**Items listed in a dataset**
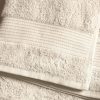 Next Next Premium Egyptian Cotton Bath Towel - 600 GSM Ultra Soft Handtuch (1-Piece) | Luxury Spa Quality | OEKO-TEX Certified Natural Ecru Handtücher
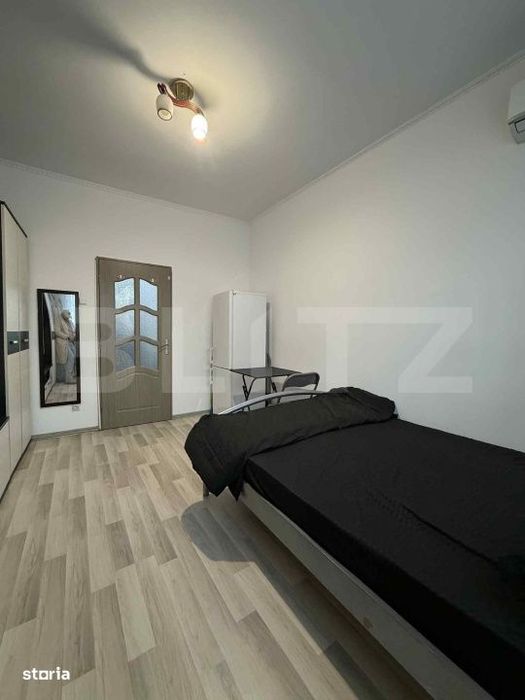 Garsoniera renovata, etaj 1, Iosia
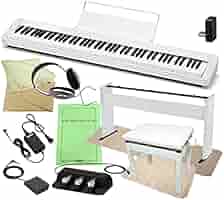 Amazon | カシオ PX-S1100 WE 純正スタンド＋3本ペダルユニット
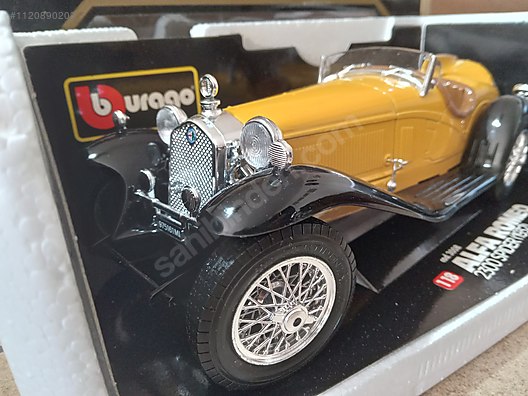 Burago Diecast Model 1:18 Alfa Romeo Araba - 1120890203
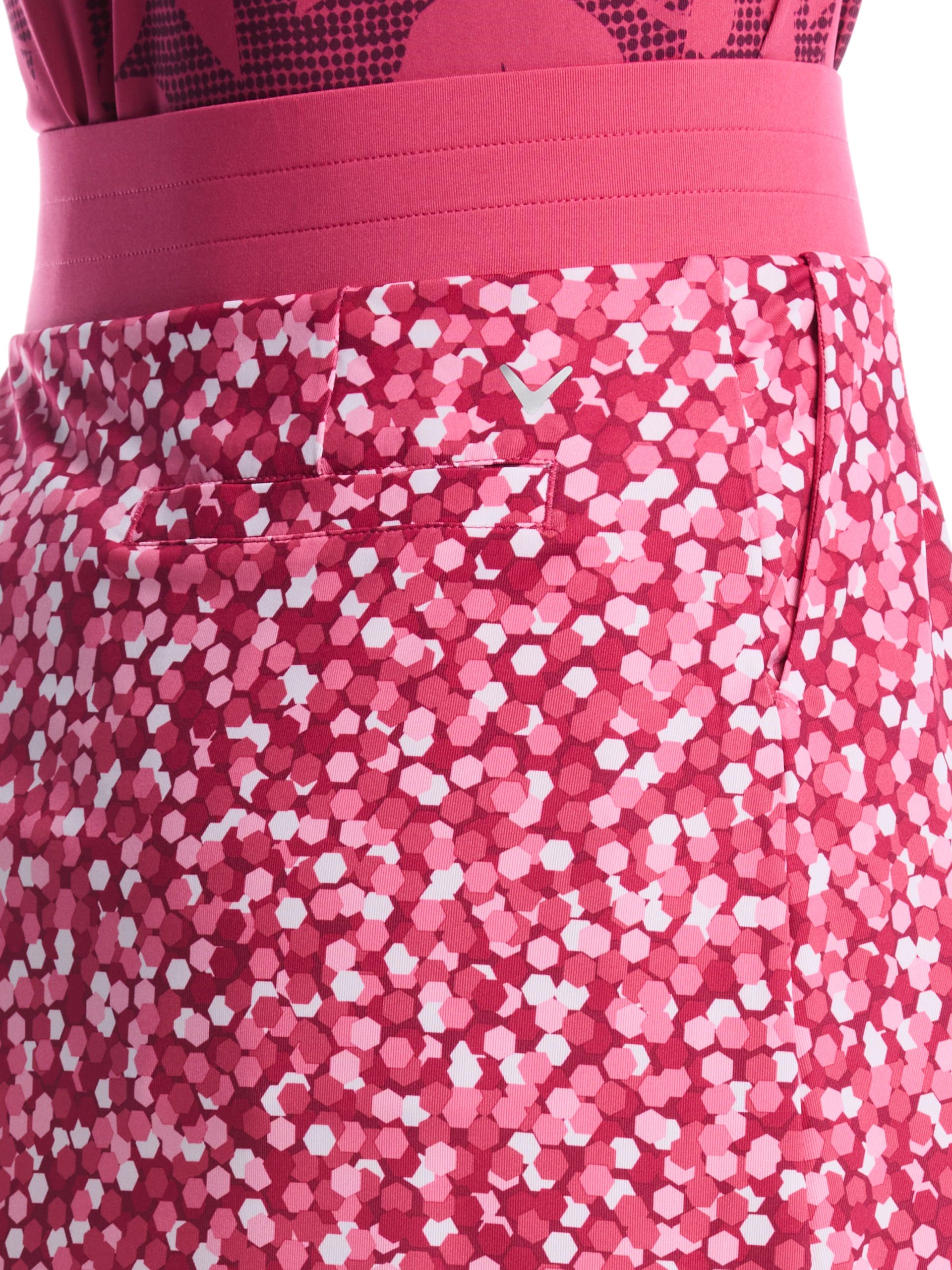 Womens 16 Confetti Color Block Skort - Image 5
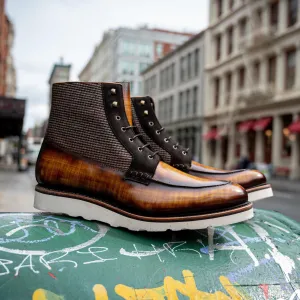 Brooklyn Patina Moc Boot II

**PROBLEM**
Retype the data shown above exactly, excluding any picture it contains.

**WRITTEN RESPONSE**
 Next Next Premium Egyptian Cotton Bath Towel - 600 GSM Ultra Soft Handtuch (1-Piece) | Luxury Spa Quality | OEKO-TEX Certified Natural Ecru Handtücher
 Garsoniera renovata, etaj 1, Iosia
 Amazon | カシオ PX-S1100 WE 純正スタンド＋3本ペダルユニット
 Burago Diecast Model 1:18 Alfa Romeo Araba - 1120890203
 Womens 16 Confetti Color Block Skort - Image 5
 Brooklyn Patina Moc Boot II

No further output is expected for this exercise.